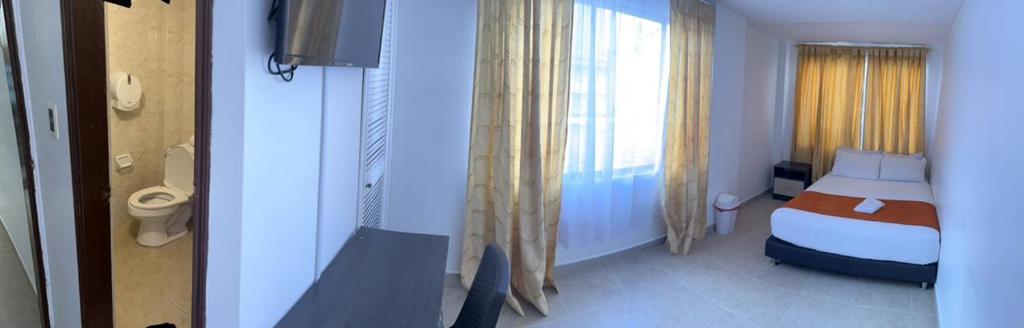 Postel nebo postele na pokoji v ubytování HOTEL EMBASSY STAR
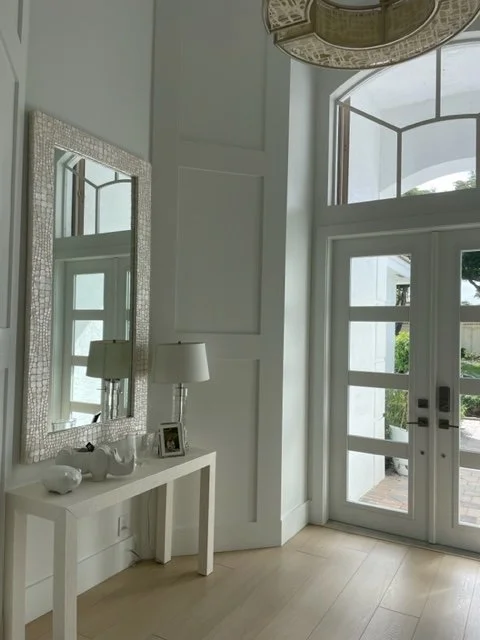 Interior of a bright entryway with a white console table, a large textured mirror, a table lamp, framed photo, and decorative objects, near glass doors leading outside.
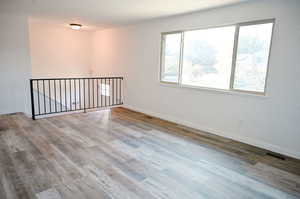 Spare room with hardwood / wood-style floors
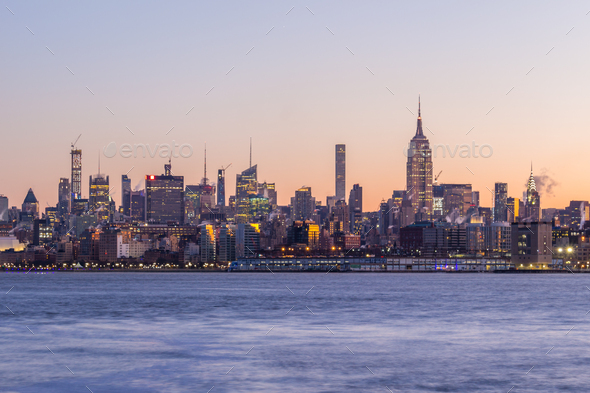 Illuminated Manhattan Cityscape in the Morning Twilight. New Yor
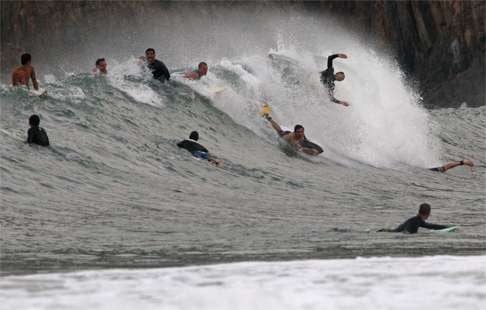 Surfers make the most of heavy seas in Big Wave Bay in the face of a severe typhoon moving closer to Hong Kong.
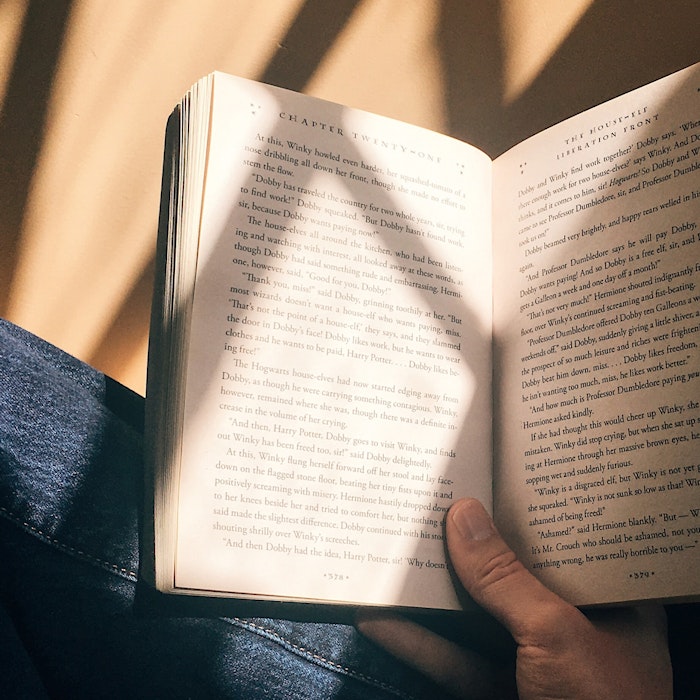 Person sitting and reading a book with pages illuminated by warm sunlight casting shadows, suggesting a peaceful and relaxed reading atmosphere.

*Assignment*.
Beginning with the line in which "Spare room with hardwood / wood-style floors" appears, repeat exactly each line down to the close of the material, leaving every picture out.

*Your solution*.
 Spare room with hardwood / wood-style floors
 Illuminated Manhattan Cityscape in the Morning Twilight. New Yor
 Surfers make the most of heavy seas in Big Wave Bay in the face of a severe typhoon moving closer to Hong Kong.
 Person sitting and reading a book with pages illuminated by warm sunlight casting shadows, suggesting a peaceful and relaxed reading atmosphere.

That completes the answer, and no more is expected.